**Goal of the exercise:** Take the data below and copy exactly the lines starting at the one with "Coque FORCE CASE" and finishing at the one with "Nobby Komfort Bett", both included.

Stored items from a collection
########
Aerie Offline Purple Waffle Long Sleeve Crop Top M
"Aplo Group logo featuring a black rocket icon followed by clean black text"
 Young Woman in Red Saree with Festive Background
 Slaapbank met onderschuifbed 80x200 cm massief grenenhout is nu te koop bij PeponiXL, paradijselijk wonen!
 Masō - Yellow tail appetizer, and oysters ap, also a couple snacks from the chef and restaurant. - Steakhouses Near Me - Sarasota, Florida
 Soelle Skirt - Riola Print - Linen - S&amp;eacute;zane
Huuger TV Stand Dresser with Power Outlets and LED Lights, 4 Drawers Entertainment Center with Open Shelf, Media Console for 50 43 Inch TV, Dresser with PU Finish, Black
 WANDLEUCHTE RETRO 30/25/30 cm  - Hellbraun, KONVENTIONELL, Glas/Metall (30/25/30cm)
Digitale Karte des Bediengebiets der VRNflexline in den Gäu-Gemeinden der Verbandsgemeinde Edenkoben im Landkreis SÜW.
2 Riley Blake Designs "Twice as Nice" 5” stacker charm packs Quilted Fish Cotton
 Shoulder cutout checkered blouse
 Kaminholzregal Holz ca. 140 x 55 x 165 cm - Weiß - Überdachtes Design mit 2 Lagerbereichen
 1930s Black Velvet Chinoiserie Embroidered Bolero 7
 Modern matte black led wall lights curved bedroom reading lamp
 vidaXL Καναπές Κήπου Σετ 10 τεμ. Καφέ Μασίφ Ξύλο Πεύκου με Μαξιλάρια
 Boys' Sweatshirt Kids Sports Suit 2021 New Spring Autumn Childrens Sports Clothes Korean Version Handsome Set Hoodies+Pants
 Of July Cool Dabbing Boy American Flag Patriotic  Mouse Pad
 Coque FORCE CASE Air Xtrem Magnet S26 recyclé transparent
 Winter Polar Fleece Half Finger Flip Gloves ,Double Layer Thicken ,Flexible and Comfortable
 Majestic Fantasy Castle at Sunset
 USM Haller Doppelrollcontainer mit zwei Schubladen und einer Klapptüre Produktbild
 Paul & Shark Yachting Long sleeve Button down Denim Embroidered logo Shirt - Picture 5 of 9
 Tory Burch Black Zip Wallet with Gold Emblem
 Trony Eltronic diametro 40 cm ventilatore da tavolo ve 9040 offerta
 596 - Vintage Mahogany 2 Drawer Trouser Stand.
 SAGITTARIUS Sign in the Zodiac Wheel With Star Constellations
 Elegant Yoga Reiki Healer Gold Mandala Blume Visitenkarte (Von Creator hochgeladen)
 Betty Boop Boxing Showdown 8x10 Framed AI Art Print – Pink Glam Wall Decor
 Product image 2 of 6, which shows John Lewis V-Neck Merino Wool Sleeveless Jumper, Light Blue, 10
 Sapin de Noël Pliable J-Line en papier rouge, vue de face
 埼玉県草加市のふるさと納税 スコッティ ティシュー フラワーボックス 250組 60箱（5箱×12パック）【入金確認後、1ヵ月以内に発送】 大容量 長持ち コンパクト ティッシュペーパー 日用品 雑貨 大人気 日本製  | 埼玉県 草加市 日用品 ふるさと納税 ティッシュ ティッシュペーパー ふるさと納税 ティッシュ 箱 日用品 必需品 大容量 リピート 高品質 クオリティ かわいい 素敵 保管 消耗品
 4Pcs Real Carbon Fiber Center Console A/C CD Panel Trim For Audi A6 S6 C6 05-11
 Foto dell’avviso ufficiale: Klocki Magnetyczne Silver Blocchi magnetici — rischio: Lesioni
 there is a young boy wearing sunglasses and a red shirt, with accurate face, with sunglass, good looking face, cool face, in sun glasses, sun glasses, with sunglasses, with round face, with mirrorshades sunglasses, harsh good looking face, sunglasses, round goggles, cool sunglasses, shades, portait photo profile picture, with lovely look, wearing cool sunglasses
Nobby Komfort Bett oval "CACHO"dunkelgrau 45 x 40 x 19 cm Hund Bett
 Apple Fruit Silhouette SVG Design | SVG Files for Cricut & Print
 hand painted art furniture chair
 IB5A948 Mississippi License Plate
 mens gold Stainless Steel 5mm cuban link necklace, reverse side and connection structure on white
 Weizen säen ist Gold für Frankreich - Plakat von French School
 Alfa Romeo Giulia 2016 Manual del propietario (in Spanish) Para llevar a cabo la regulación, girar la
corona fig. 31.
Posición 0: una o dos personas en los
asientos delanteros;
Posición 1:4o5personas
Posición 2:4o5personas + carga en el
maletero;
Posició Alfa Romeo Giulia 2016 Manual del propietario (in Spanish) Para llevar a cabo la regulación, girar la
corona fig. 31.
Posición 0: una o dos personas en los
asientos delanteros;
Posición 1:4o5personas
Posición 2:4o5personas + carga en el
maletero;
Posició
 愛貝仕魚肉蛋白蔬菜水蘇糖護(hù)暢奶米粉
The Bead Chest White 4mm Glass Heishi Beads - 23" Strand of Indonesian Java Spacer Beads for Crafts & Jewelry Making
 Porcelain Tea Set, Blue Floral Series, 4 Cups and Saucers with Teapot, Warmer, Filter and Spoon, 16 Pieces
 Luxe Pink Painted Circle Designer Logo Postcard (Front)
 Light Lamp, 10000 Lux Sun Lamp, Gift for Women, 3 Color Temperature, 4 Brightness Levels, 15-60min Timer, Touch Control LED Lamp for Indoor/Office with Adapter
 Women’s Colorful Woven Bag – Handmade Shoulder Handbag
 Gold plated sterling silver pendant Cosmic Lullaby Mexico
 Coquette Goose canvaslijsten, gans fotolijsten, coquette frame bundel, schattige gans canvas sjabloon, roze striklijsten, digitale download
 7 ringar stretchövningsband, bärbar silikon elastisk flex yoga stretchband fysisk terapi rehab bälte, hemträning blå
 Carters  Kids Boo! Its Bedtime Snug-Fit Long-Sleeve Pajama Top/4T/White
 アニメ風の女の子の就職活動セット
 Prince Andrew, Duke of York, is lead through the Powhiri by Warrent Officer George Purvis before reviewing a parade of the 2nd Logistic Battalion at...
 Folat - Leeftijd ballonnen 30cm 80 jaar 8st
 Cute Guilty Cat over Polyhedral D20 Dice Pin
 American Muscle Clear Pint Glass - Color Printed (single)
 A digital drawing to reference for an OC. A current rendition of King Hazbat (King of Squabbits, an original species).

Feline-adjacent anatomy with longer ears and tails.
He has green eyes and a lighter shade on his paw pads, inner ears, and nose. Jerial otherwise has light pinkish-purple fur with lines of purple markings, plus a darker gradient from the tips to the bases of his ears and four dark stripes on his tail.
########
**Written response:**
 Coque FORCE CASE Air Xtrem Magnet S26 recyclé transparent
 Winter Polar Fleece Half Finger Flip Gloves ,Double Layer Thicken ,Flexible and Comfortable
 Majestic Fantasy Castle at Sunset
 USM Haller Doppelrollcontainer mit zwei Schubladen und einer Klapptüre Produktbild
 Paul & Shark Yachting Long sleeve Button down Denim Embroidered logo Shirt - Picture 5 of 9
 Tory Burch Black Zip Wallet with Gold Emblem
 Trony Eltronic diametro 40 cm ventilatore da tavolo ve 9040 offerta
 596 - Vintage Mahogany 2 Drawer Trouser Stand.
 SAGITTARIUS Sign in the Zodiac Wheel With Star Constellations
 Elegant Yoga Reiki Healer Gold Mandala Blume Visitenkarte (Von Creator hochgeladen)
 Betty Boop Boxing Showdown 8x10 Framed AI Art Print – Pink Glam Wall Decor
 Product image 2 of 6, which shows John Lewis V-Neck Merino Wool Sleeveless Jumper, Light Blue, 10
 Sapin de Noël Pliable J-Line en papier rouge, vue de face
 埼玉県草加市のふるさと納税 スコッティ ティシュー フラワーボックス 250組 60箱（5箱×12パック）【入金確認後、1ヵ月以内に発送】 大容量 長持ち コンパクト ティッシュペーパー 日用品 雑貨 大人気 日本製  | 埼玉県 草加市 日用品 ふるさと納税 ティッシュ ティッシュペーパー ふるさと納税 ティッシュ 箱 日用品 必需品 大容量 リピート 高品質 クオリティ かわいい 素敵 保管 消耗品
 4Pcs Real Carbon Fiber Center Console A/C CD Panel Trim For Audi A6 S6 C6 05-11
 Foto dell’avviso ufficiale: Klocki Magnetyczne Silver Blocchi magnetici — rischio: Lesioni
 there is a young boy wearing sunglasses and a red shirt, with accurate face, with sunglass, good looking face, cool face, in sun glasses, sun glasses, with sunglasses, with round face, with mirrorshades sunglasses, harsh good looking face, sunglasses, round goggles, cool sunglasses, shades, portait photo profile picture, with lovely look, wearing cool sunglasses
Nobby Komfort Bett oval "CACHO"dunkelgrau 45 x 40 x 19 cm Hund Bett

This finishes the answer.